AVAILABLE RECORDS:
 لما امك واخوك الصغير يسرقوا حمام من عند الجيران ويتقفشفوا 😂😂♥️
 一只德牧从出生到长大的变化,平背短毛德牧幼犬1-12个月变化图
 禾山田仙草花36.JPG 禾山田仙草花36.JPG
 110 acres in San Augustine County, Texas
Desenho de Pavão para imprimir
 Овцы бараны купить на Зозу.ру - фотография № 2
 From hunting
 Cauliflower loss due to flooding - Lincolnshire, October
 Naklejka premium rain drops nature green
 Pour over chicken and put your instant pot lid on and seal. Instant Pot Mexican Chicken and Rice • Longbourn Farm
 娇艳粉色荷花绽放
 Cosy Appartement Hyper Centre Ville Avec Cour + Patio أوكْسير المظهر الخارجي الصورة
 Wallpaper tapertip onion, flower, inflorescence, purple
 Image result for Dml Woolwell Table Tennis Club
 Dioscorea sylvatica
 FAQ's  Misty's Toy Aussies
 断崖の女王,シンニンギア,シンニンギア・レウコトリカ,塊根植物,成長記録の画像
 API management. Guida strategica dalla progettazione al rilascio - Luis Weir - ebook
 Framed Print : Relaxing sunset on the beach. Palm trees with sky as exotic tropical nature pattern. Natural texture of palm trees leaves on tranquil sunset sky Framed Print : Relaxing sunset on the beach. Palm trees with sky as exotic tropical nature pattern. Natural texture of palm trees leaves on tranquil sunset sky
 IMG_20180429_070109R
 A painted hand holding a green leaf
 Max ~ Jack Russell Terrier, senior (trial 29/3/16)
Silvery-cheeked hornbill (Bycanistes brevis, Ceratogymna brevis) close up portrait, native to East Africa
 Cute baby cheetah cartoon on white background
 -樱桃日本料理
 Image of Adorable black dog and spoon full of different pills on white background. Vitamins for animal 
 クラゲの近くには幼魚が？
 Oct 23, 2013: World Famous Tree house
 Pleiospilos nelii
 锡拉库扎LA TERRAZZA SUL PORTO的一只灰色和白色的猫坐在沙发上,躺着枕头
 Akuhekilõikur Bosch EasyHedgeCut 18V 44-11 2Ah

REQUIREMENT: Which lines of the data include the string "nature"? Find them and copy each one.

WORKED SOLUTION:
 Naklejka premium rain drops nature green
 Framed Print : Relaxing sunset on the beach. Palm trees with sky as exotic tropical nature pattern. Natural texture of palm trees leaves on tranquil sunset sky Framed Print : Relaxing sunset on the beach. Palm trees with sky as exotic tropical nature pattern. Natural texture of palm trees leaves on tranquil sunset sky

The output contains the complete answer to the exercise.